------ Excerpted data ------

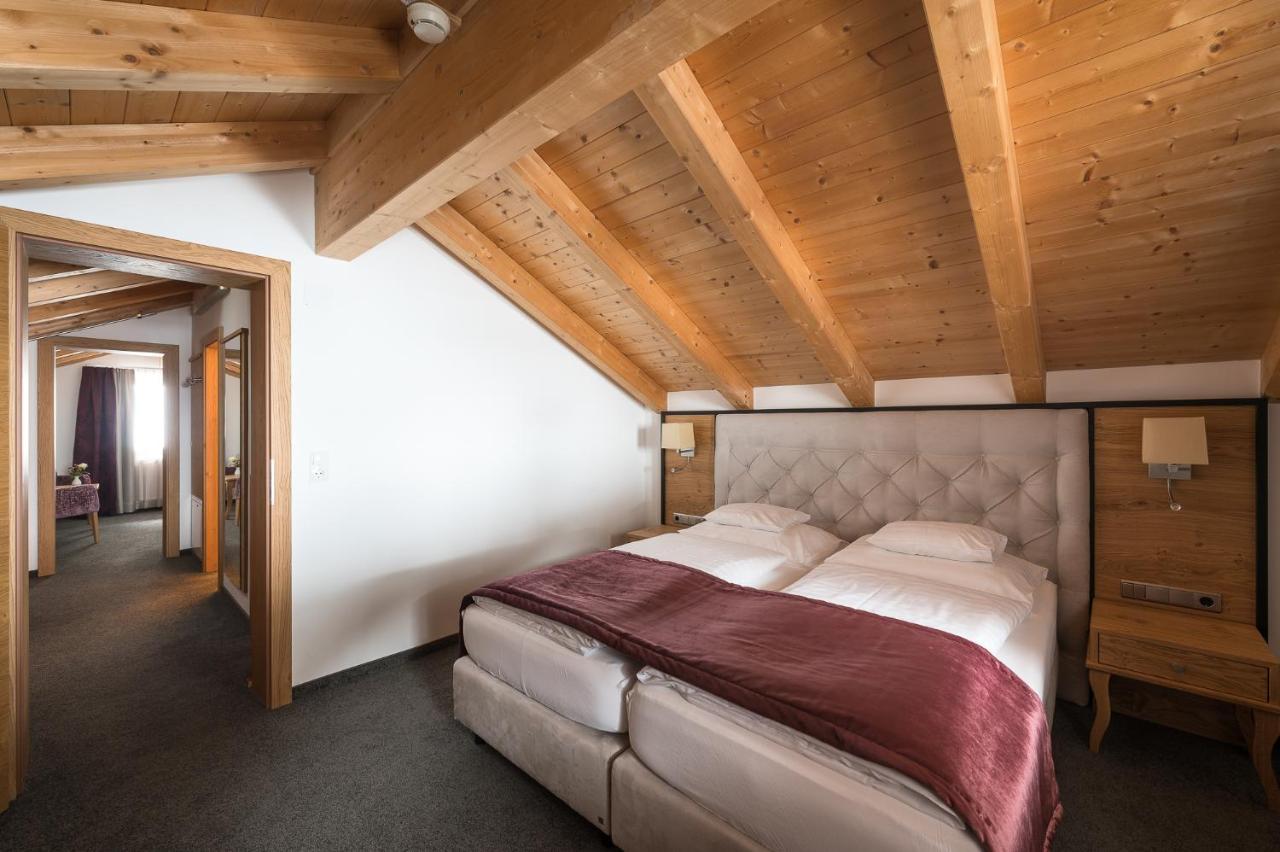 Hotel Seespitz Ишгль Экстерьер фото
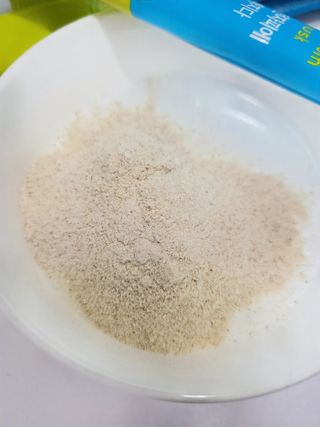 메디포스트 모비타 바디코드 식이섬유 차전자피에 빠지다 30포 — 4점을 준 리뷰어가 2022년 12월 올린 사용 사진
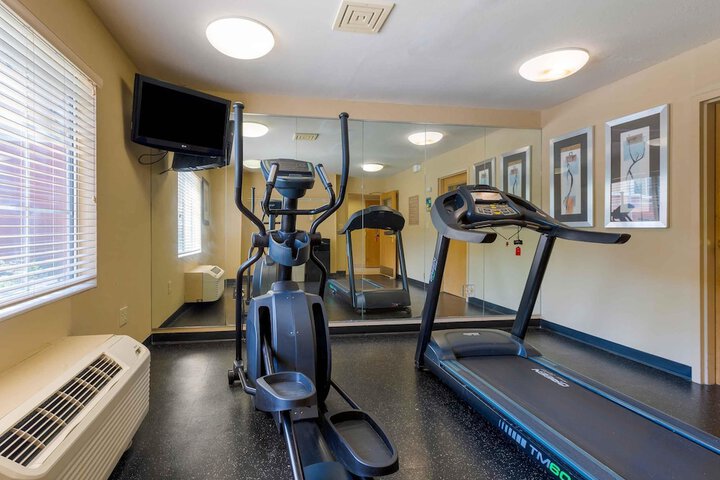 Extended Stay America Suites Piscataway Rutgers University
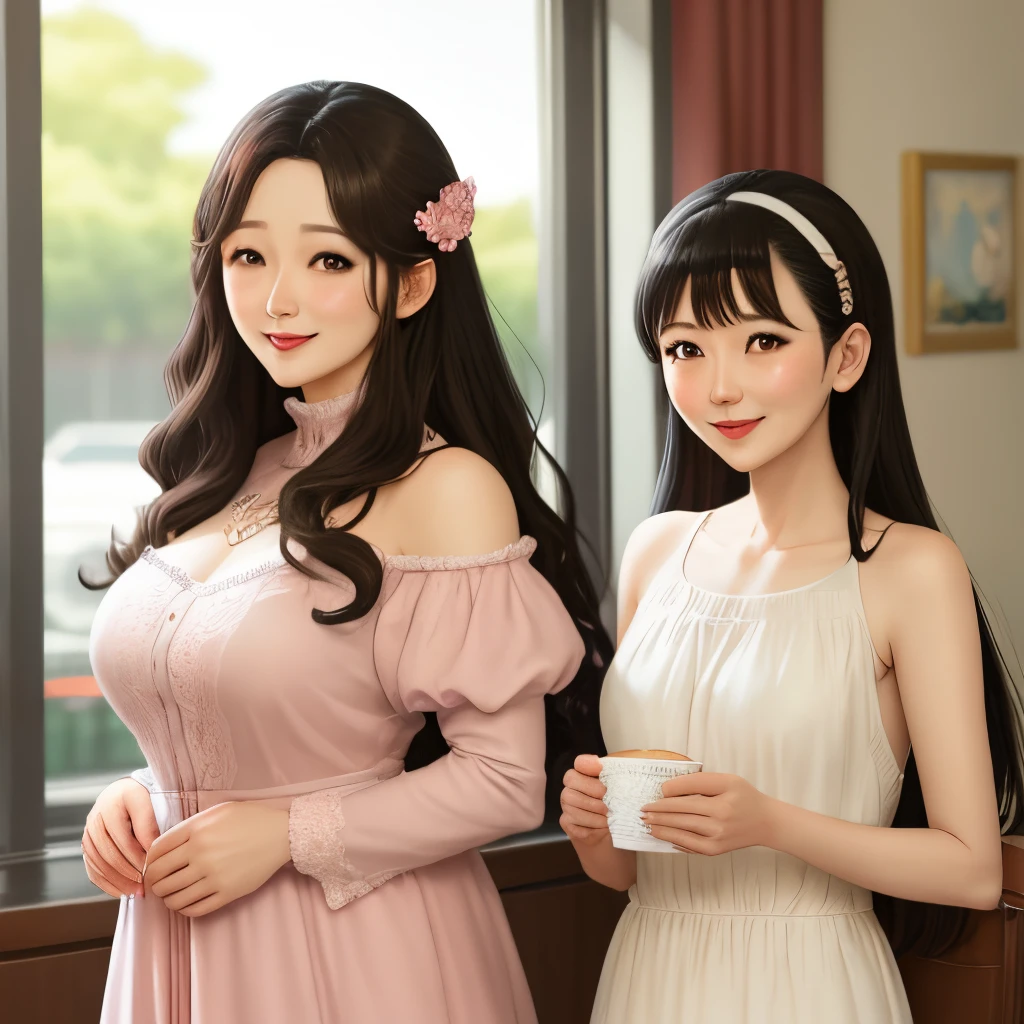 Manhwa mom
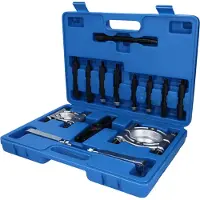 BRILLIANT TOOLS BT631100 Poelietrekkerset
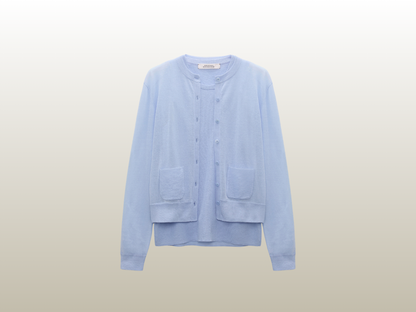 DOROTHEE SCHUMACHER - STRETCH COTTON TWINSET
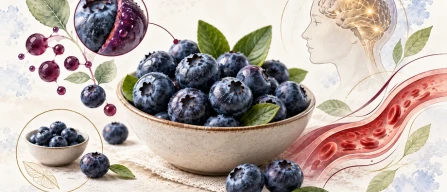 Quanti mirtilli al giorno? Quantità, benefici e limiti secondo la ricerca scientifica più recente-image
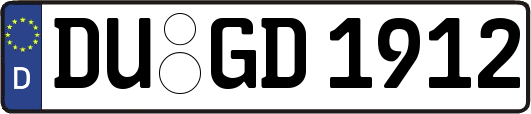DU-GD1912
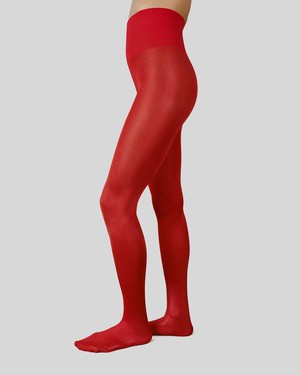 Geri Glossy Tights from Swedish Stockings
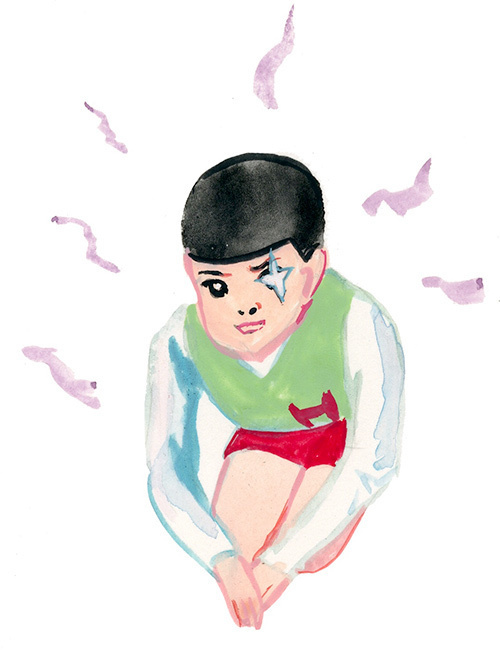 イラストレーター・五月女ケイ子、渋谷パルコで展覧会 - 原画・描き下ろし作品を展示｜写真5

------

● Task description
Output should consist of the lines above from the one with "Extended Stay America" down to the one with "Geri Glossy Tights from Swedish Stockings", exact and without pictures.

● Output for this exercise
 Extended Stay America Suites Piscataway Rutgers University
 Manhwa mom
 BRILLIANT TOOLS BT631100 Poelietrekkerset
 DOROTHEE SCHUMACHER - STRETCH COTTON TWINSET
 Quanti mirtilli al giorno? Quantità, benefici e limiti secondo la ricerca scientifica più recente-image
DU-GD1912
 Geri Glossy Tights from Swedish Stockings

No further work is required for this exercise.